Pronghorn has a strong – but delicious – flavor, which is why I decided to use this year’s pronghorn bones in this more flavorful stock. My whitetail deer bones went into a lighter, sweeter stock. Grey salt is ideal for post-simmer salt additions. It’s a little bit briny but not too strong and dissolves quickly.

Directions:

  1. Start up your pellet-fired grill, with Wildwood Grilling pellets (maple, cherry, hickory blend) in the hopper. Let it run on the “smoke” setting for 5-10 minutes, then move it up to 375°F-425°F.
  2. Rinse the bones well with cool water and rinse off any residual plant matter, dirt, hair, etc. Place them on a baking sheet, and pour olive oil over the bones, using your hands to spread it over the entire surface. Sprinkle salt liberally on one side. Place the bones on the grill, avoiding overlap if possible. Let cook until the bones appear well browned, which should take 45-75 minutes.
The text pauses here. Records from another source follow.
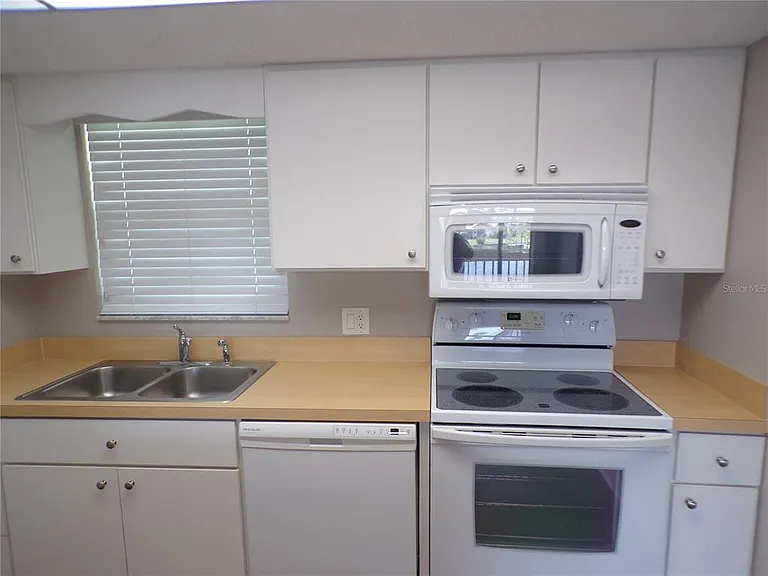 1080 Bal Harbor Blvd #4D — Photo 8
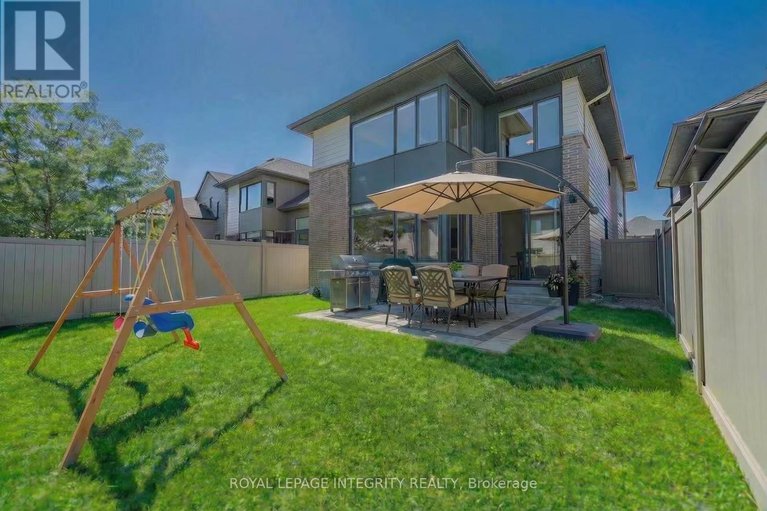 29234457/899-ralph-hennessy-avenue/riverside-southgloucester-glen/ottawa/ontario/K1X0B1_49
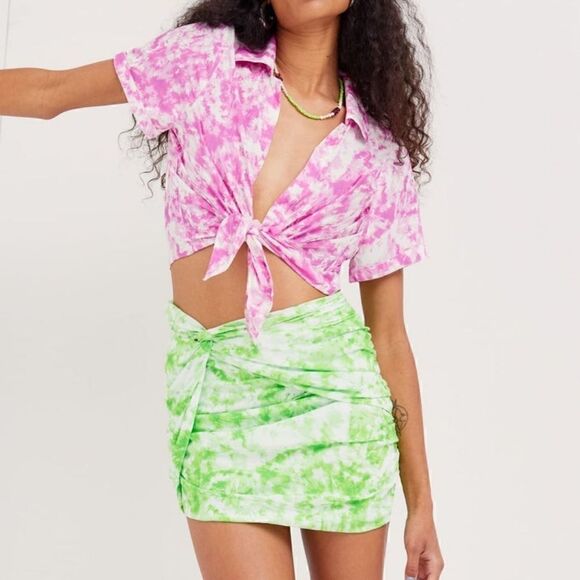 For Love And Lemons Devon Green Tie Dye Twisted Mini Skirt Size Small NWT - Picture 2 of 9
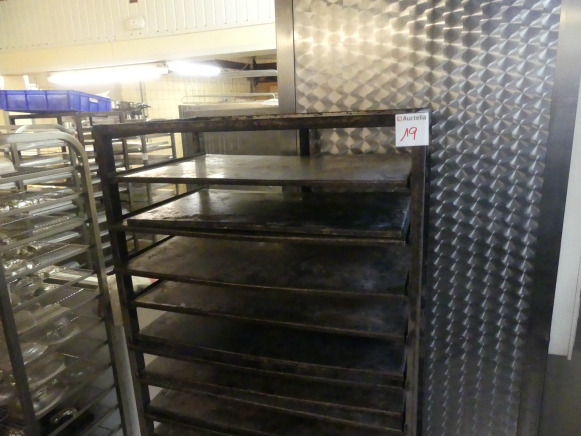 Chariot de four avec platine 60x40 cm (4 bords) - Хлебопекарное оборудование: фото 3 Chariot de four avec platine 60x40 cm (4 bords) - Хлебопекарное оборудование: фото 3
  3. While the bones are browning, prep your vegetables by cleaning them and for larger items such as the onions, cutting them into halves or quarters.
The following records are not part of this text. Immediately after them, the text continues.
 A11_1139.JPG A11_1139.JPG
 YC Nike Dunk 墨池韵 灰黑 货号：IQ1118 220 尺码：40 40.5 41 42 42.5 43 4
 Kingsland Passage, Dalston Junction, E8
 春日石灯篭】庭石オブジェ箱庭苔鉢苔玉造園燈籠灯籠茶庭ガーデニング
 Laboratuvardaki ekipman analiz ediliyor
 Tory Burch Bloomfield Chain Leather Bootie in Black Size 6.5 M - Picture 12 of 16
  4. For an extra smoky flavor, you can set the vegetables on the grill for 10-15 minutes. I grill my leeks and carrots for about 10 minutes.
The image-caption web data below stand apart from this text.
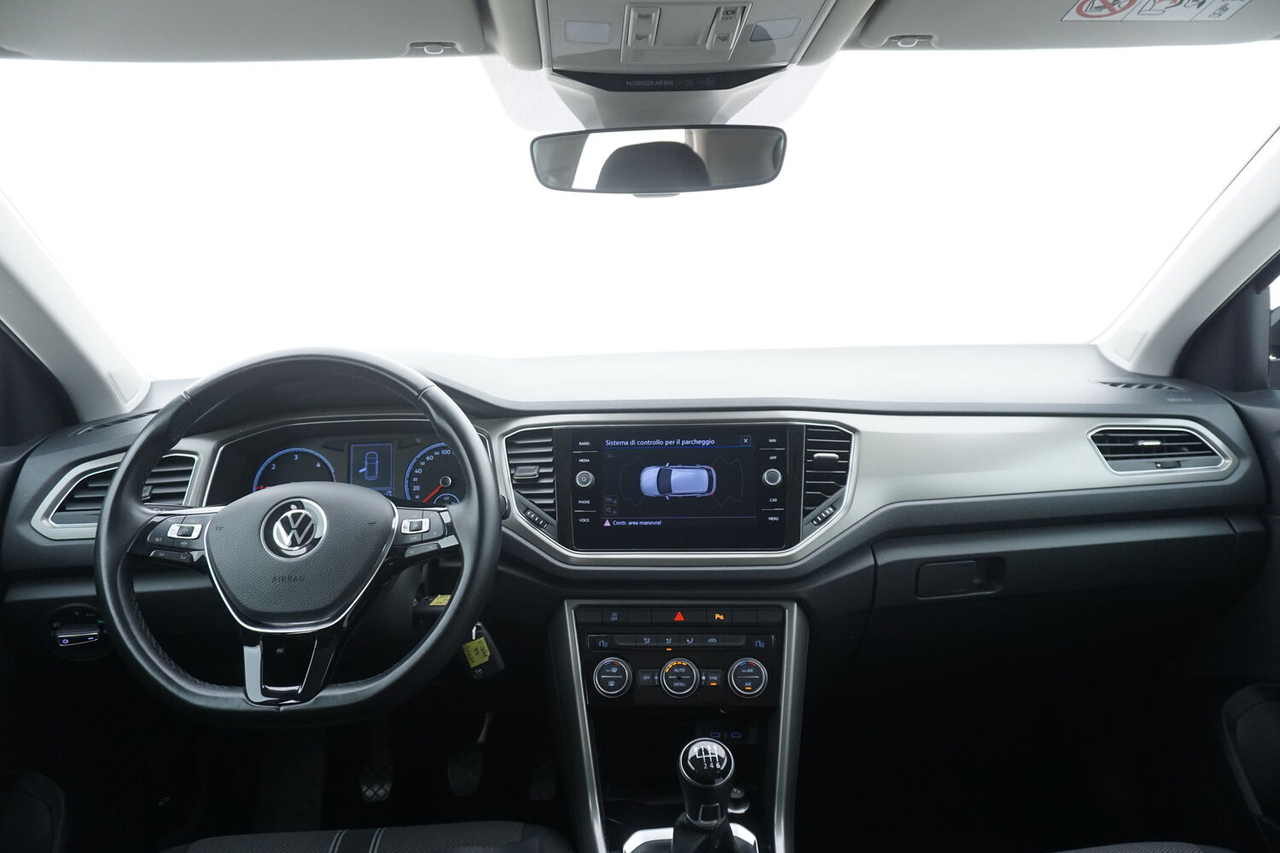 Volkswagen T-Roc — photo 14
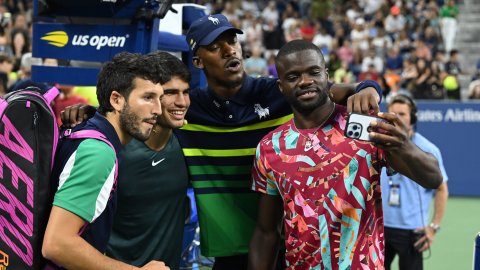 Sebastián Yatra durante el juego de exhibición junto a Carlos Alcaraz, el jugador de la NBA, Jimmy Butler y Frances Tiafoe.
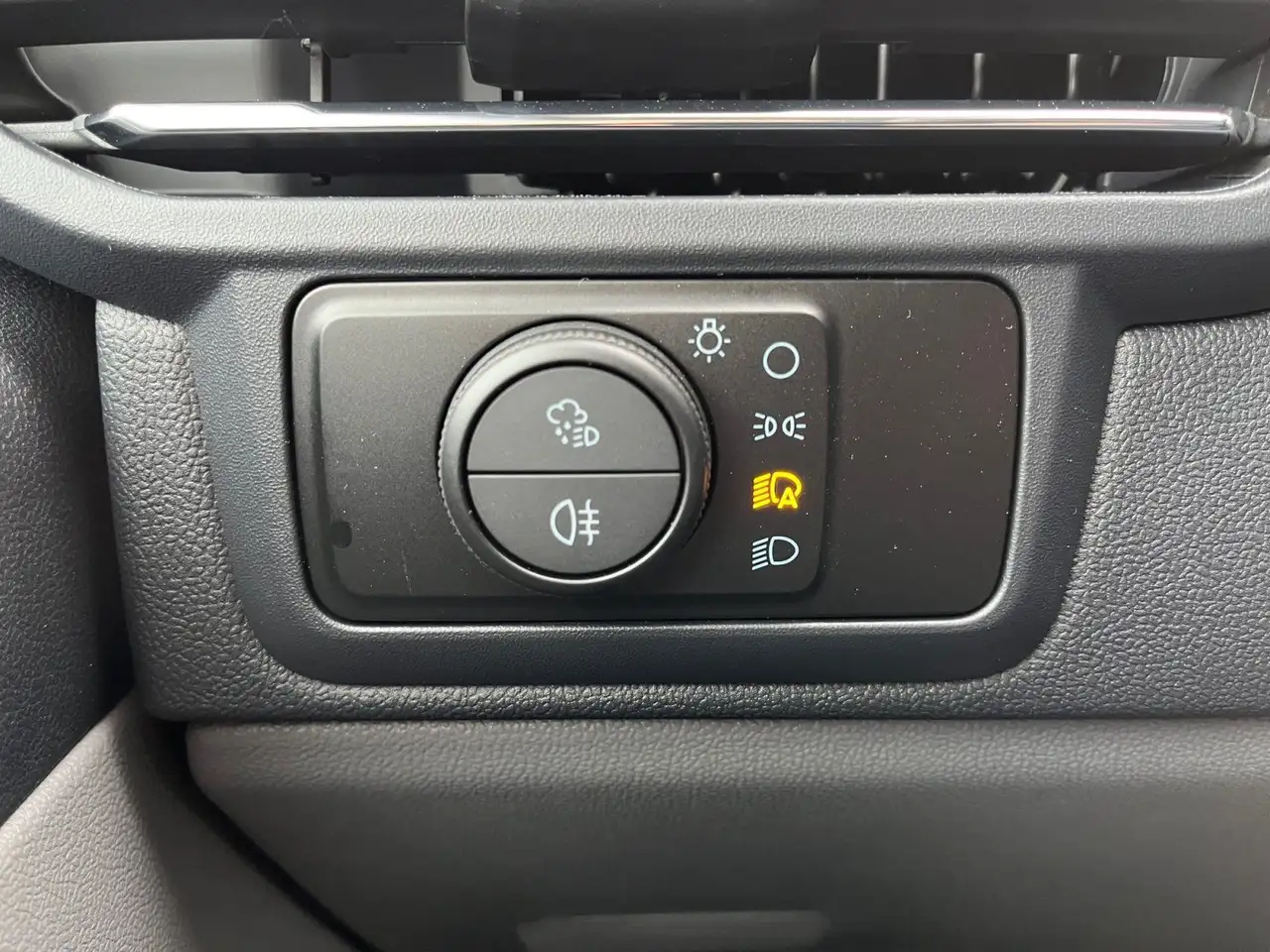 Ford Tourneo Custom Titanium X L2 Matrix B&O el.AHK 15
  5. Remove the items from the grill and transfer the bones to your stockpot, set veggies aside. Fill the pot with cold water until the bones are completely covered, and then an additional 1” or so of water.
  6. Bring the water to a low boil over medium-high to high heat. When a foamy layer accumulates on the water’s surface, skim it. Then reduce the heat to the lowest setting possible. Put the lid on when the liquid has calmed down and let bones simmer for at least 3-4 hours.
  7. If you plan to simmer the bones for 4 hours or less, you can add the vegetables and herbs right away. Bundle them in cheesecloth and tie the bundle up with natural twine; set the bundle directly in the water and let it all cook together. However, if you plan to cook them for longer – I simmer my bones overnight – you’re better off waiting until the last 2-3 hours of cooking before adding the greenery. Otherwise, it breaks down too much.
  8. After the bones and greenery have simmered together for at least 2 hours, turn off the stovetop heat. Use tongs to remove larger pieces – bones, vegetable chunks, etc. – then set your mesh strainer on top of your Pyrex measuring cup, and place a piece of cheesecloth on top of the strainer. Use the ladle to pour the liquid through the strainer and cheesecloth.
  9. If you want to add grey salt to your stock, add it to Pyrex measuring cup, to taste. Pour the strained, salted stock into lidded glass jars, leaving space at the top. Use immediately or freeze for several months.

*Keep a spray bottle of water handy in case of flare-ups.